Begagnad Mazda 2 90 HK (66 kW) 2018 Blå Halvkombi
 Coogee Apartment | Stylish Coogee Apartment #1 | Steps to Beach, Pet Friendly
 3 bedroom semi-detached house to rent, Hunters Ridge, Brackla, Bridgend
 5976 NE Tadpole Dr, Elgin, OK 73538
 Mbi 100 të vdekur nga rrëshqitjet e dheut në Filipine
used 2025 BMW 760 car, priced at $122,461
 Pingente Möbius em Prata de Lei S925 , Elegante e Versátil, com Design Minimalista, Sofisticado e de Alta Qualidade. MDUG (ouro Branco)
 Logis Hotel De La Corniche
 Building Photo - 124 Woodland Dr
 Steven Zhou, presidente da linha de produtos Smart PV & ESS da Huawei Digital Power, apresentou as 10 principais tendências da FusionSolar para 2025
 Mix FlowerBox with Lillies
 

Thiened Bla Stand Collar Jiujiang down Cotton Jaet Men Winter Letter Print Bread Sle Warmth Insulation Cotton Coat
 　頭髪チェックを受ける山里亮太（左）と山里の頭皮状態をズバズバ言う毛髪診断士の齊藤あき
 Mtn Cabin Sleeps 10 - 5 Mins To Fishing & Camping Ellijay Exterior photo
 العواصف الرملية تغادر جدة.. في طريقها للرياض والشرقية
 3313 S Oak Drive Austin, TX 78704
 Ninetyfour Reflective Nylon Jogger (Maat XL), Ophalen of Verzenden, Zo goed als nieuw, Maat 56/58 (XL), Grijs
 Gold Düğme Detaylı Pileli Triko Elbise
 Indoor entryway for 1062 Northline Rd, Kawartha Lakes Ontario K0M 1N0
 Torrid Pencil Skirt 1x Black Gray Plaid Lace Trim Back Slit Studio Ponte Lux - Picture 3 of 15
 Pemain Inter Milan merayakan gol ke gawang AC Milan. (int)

•••

## Work to complete
Transcribe each entry exactly as it appears.

## Answer to this exercise
Begagnad Mazda 2 90 HK (66 kW) 2018 Blå Halvkombi
 Coogee Apartment | Stylish Coogee Apartment #1 | Steps to Beach, Pet Friendly
 3 bedroom semi-detached house to rent, Hunters Ridge, Brackla, Bridgend
 5976 NE Tadpole Dr, Elgin, OK 73538
 Mbi 100 të vdekur nga rrëshqitjet e dheut në Filipine
used 2025 BMW 760 car, priced at $122,461
 Pingente Möbius em Prata de Lei S925 , Elegante e Versátil, com Design Minimalista, Sofisticado e de Alta Qualidade. MDUG (ouro Branco)
 Logis Hotel De La Corniche
 Building Photo - 124 Woodland Dr
 Steven Zhou, presidente da linha de produtos Smart PV & ESS da Huawei Digital Power, apresentou as 10 principais tendências da FusionSolar para 2025
 Mix FlowerBox with Lillies
 

Thiened Bla Stand Collar Jiujiang down Cotton Jaet Men Winter Letter Print Bread Sle Warmth Insulation Cotton Coat
 　頭髪チェックを受ける山里亮太（左）と山里の頭皮状態をズバズバ言う毛髪診断士の齊藤あき
 Mtn Cabin Sleeps 10 - 5 Mins To Fishing & Camping Ellijay Exterior photo
 العواصف الرملية تغادر جدة.. في طريقها للرياض والشرقية
 3313 S Oak Drive Austin, TX 78704
 Ninetyfour Reflective Nylon Jogger (Maat XL), Ophalen of Verzenden, Zo goed als nieuw, Maat 56/58 (XL), Grijs
 Gold Düğme Detaylı Pileli Triko Elbise
 Indoor entryway for 1062 Northline Rd, Kawartha Lakes Ontario K0M 1N0
 Torrid Pencil Skirt 1x Black Gray Plaid Lace Trim Back Slit Studio Ponte Lux - Picture 3 of 15
 Pemain Inter Milan merayakan gol ke gawang AC Milan. (int)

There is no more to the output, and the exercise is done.